----- DATA FOR THIS EXERCISE -----

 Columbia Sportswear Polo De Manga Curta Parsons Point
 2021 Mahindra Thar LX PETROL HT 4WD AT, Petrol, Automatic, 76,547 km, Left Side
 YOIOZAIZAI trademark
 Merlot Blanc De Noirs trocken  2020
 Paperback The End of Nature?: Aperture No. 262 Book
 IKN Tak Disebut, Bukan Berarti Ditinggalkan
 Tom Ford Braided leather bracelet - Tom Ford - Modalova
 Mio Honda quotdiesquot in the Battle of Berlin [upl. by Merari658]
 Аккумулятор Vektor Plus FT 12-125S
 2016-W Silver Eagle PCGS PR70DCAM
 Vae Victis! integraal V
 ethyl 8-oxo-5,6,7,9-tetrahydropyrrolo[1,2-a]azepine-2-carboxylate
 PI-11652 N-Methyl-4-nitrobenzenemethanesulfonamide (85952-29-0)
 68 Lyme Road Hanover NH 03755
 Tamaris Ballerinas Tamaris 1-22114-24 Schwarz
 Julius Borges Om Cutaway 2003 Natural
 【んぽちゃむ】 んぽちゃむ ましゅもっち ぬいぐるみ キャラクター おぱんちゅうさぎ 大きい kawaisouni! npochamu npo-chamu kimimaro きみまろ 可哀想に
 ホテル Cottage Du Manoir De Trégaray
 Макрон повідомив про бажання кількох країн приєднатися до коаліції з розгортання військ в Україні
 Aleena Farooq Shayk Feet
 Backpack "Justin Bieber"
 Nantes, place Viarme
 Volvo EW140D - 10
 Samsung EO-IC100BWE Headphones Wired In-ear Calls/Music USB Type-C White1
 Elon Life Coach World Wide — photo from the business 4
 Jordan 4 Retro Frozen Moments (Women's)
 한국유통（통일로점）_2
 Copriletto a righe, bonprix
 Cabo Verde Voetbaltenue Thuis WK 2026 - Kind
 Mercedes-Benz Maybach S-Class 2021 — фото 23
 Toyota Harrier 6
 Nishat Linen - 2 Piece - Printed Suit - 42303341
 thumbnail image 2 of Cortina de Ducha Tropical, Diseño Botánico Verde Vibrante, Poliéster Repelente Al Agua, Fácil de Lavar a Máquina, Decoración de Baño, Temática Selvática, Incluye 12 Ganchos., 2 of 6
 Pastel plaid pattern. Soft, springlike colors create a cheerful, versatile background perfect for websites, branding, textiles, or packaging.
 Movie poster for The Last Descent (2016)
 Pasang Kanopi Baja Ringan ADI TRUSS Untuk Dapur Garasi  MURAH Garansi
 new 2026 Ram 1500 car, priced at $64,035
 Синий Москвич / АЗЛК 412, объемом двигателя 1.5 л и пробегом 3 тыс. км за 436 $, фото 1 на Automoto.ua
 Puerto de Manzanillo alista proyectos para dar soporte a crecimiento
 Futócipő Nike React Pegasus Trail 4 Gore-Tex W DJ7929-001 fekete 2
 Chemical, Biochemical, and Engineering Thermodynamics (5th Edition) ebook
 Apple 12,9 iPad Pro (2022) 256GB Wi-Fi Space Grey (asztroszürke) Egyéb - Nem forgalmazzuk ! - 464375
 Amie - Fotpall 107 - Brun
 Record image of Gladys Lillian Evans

-----

*TASK PROMPT*: From the line that contains "Apple 12,9 iPad" through the last line of the records above, copy every line exactly and leave out the rest.

*EXERCISE OUTPUT*:
 Apple 12,9 iPad Pro (2022) 256GB Wi-Fi Space Grey (asztroszürke) Egyéb - Nem forgalmazzuk ! - 464375
 Amie - Fotpall 107 - Brun
 Record image of Gladys Lillian Evans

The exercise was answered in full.